Copy out each line of the listing below in which the string "find" occurs.

Information provided:
┏━━
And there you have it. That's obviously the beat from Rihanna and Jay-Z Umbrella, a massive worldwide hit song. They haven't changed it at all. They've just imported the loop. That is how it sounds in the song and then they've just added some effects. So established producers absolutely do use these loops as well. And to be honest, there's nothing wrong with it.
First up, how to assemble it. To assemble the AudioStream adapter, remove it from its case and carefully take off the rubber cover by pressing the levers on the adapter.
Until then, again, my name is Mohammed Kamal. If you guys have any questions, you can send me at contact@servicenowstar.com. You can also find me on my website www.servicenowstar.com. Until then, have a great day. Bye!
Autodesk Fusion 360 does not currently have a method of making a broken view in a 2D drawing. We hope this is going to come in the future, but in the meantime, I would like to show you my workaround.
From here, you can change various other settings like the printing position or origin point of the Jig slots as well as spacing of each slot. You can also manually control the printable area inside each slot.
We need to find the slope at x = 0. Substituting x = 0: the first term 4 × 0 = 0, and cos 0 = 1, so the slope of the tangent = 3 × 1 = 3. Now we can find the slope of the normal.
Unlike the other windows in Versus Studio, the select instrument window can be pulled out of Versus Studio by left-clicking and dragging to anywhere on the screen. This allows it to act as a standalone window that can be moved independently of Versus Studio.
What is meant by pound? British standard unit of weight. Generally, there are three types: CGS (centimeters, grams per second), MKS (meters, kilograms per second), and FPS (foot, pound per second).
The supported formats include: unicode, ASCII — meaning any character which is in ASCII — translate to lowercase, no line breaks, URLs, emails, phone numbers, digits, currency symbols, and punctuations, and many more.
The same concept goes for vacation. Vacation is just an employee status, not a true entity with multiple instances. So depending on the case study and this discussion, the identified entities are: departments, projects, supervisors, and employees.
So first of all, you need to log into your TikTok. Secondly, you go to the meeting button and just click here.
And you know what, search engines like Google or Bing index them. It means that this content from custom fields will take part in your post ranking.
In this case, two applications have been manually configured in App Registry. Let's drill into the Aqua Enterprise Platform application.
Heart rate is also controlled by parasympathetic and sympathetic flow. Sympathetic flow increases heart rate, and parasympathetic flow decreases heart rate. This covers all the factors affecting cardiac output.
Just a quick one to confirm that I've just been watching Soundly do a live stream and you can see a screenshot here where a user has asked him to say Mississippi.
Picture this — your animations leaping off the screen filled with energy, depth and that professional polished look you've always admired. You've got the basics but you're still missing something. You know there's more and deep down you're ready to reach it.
┗━━
Task answer:
Until then, again, my name is Mohammed Kamal. If you guys have any questions, you can send me at contact@servicenowstar.com. You can also find me on my website www.servicenowstar.com. Until then, have a great day. Bye!
We need to find the slope at x = 0. Substituting x = 0: the first term 4 × 0 = 0, and cos 0 = 1, so the slope of the tangent = 3 × 1 = 3. Now we can find the slope of the normal.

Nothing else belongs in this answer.